• [Directions]: Within the entries below, please return exactly the lines from the one with "Lonesome Giraffe" through the one with "Yellow mountain orange photo", leaving out any pictures.

• [Extracted information]:
━━━━━━━━━━━━━━━━━━━━
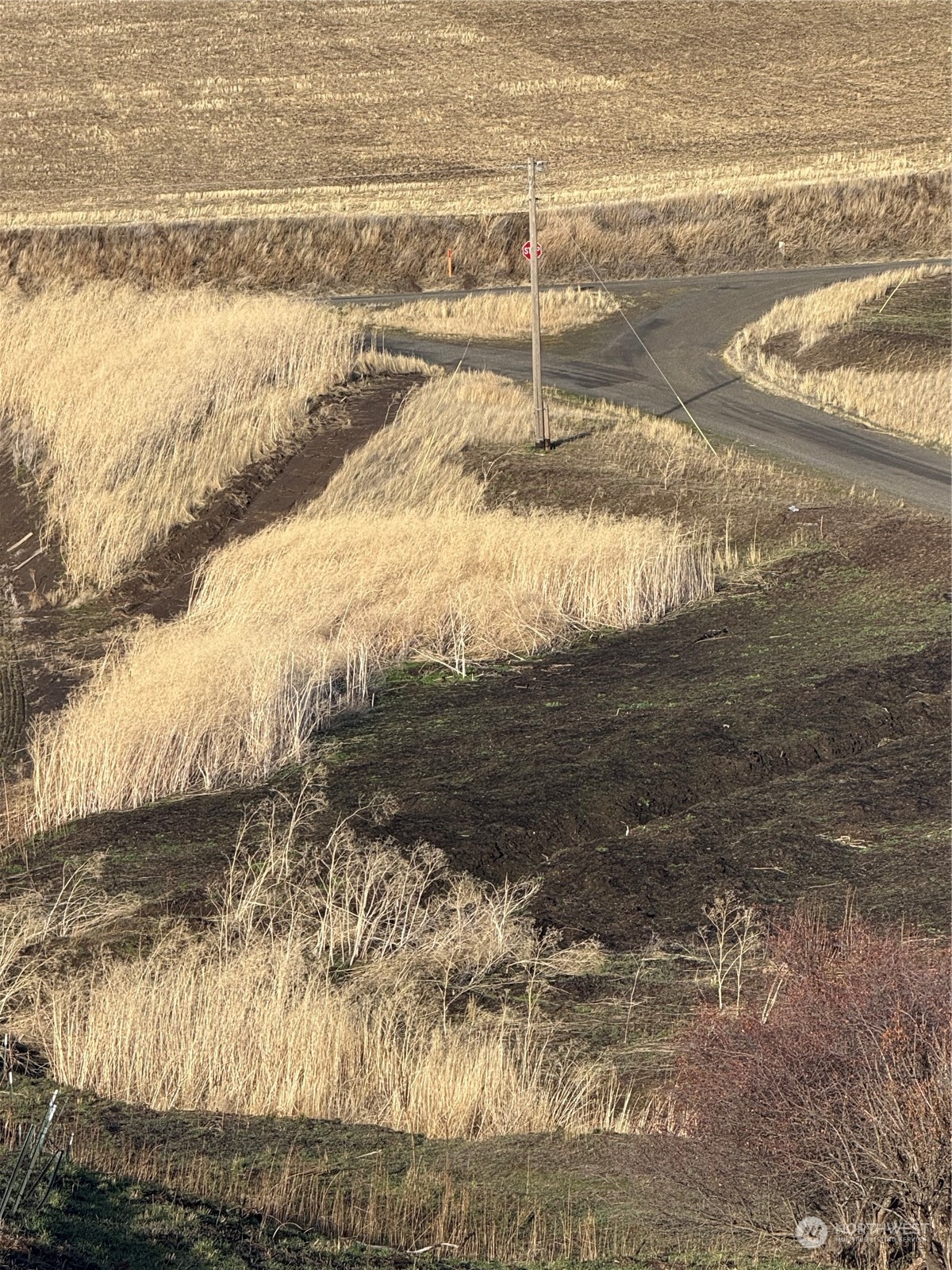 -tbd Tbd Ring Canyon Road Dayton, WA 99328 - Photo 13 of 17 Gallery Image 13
━━━━━━━━━━━━━━━━━━━━
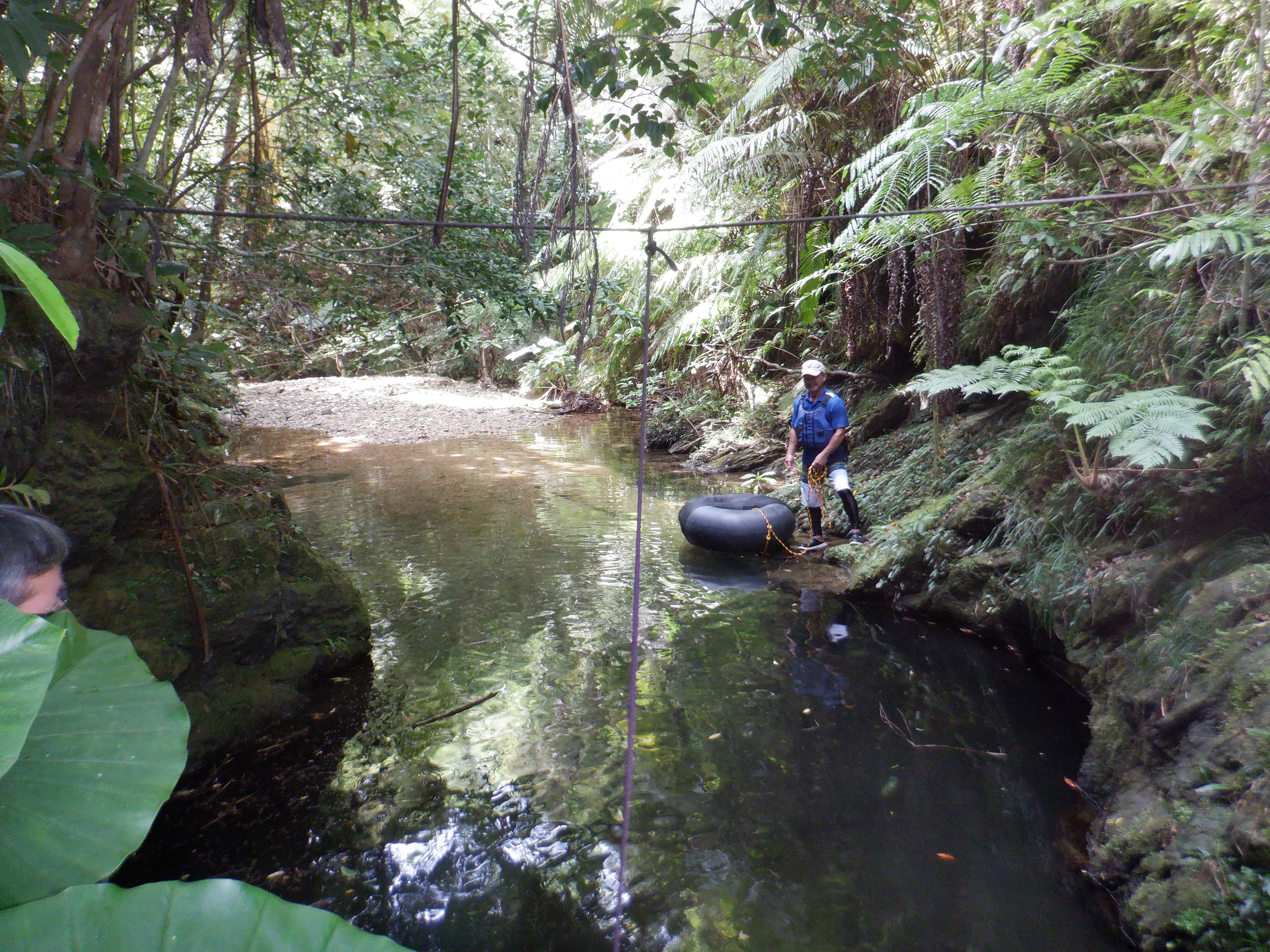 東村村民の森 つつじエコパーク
━━━━━━━━━━━━━━━━━━━━
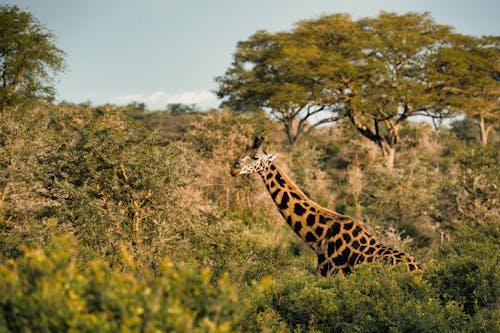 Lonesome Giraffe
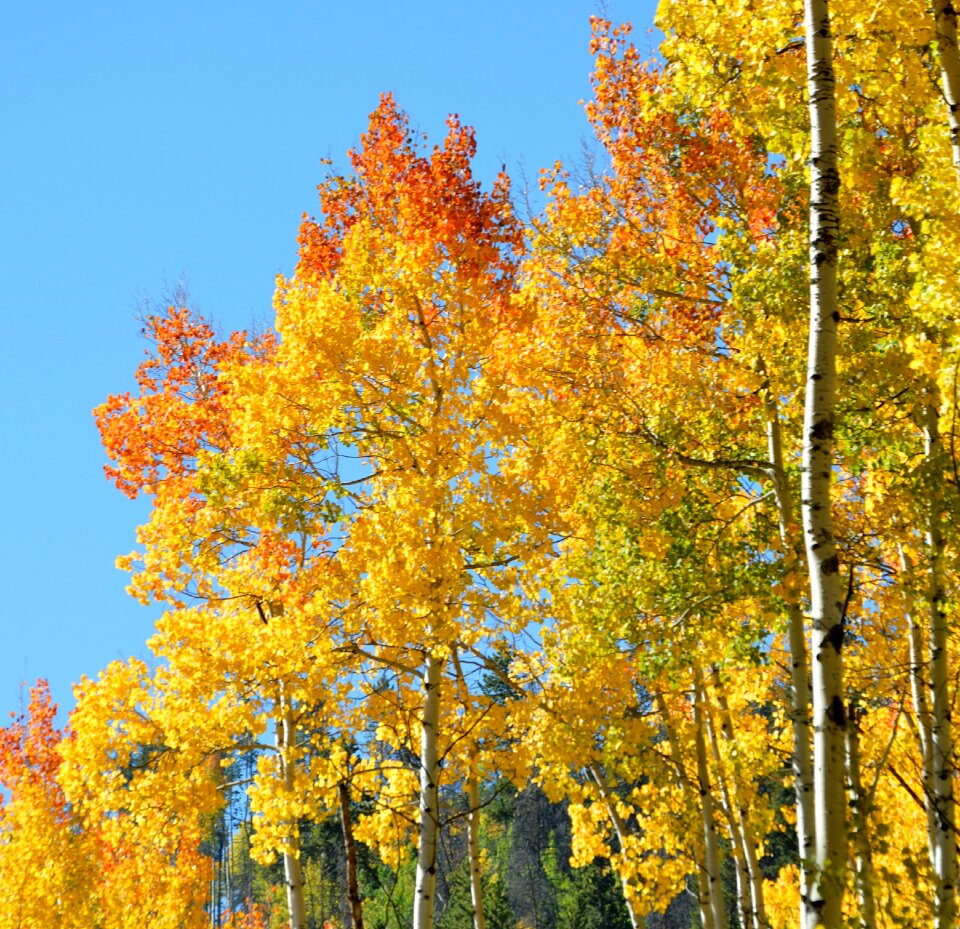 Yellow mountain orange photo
━━━━━━━━━━━━━━━━━━━━
• [Answer for the task]:
 Lonesome Giraffe
 Yellow mountain orange photo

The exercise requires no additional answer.